Presented in association with Scarborough community producing company Arcade, this collaboration marked the formation of Anna’s theatre-making company, Strawberry Lion, whose online premiere of her storytelling, puppetry and musical account of E Nesbit’s 1902 children’s novel was streamed on Explore York libraries’ You Tube channel in April 2021.
As well as playing Feste in CBeebies’ Twelfth Night at Shakespeare’s Globe, with Theatre Royal panto villain James Mackenzie as Duke Orsino and choreography by Hayley Del Harrison, Anna has taken to making “stupid videos”.

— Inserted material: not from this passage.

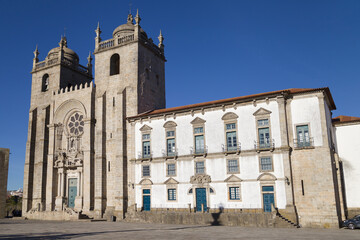 Fototapeta na wymiar Cathedral of Porto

“I love to make online sketches,” she says. “Digital comedy is at a really exciting place where it’s so easily accessed, so I make a lot of silly stuff for TikTok and Instagram. It’s also easier than persuading the BBC to give me my own sketch show/sitcom.
“I’ve started doing stand-up comedy, mostly gigging in Brighton and London, which I’m loving, but making video sketches is my favourite format. They are very stupid but I did win the British Comedy Guide sketch competition last year, and Harry Hill said they were ‘very funny’, so there’s definitely merit in stupid!
“My comedy is pretty absurd, more alternative, but not particularly child-friendly! All my digital comedy is not necessarily rude but quite scary. I’ll be interested to see if the kids like a talking panto cow!”
Since graduating from Mountview in 2017, Anna has spent only the Covid Christmas of 2020 at home in York. “That was lovely but keeping sopcially distanced of course, but it’s part of an actor’s job that you work at Christmas and won’t be at home, so it’s great that this Christmas I get to see my family” says Anna.
“It’s also super exciting to be performing at York Theatre Royal because I used to chaperone here while I was at training at drama school, when I was doing my serious roles and played Juliet twice.
“When I graduated, I thought, ‘that’s enough for me, I’m going to be silly now’, but if you’d said back then I’d be playing a talking pantomime cow…”
Jack And The Beanstalk, co-produced by Evolution Productions, runs at York Theatre Royal until January 7 2024. Box office: 01904 623568 or yorktheatreroyal.co.uk
One final question for Anna
Do you have any unusual interests or hobbies away from the stage?
“Lying on the floor when it’s about to rain, producing dairy products, eating grass…” she says, slipping into Dave the Talking Cow mode. “…and tarot reading.”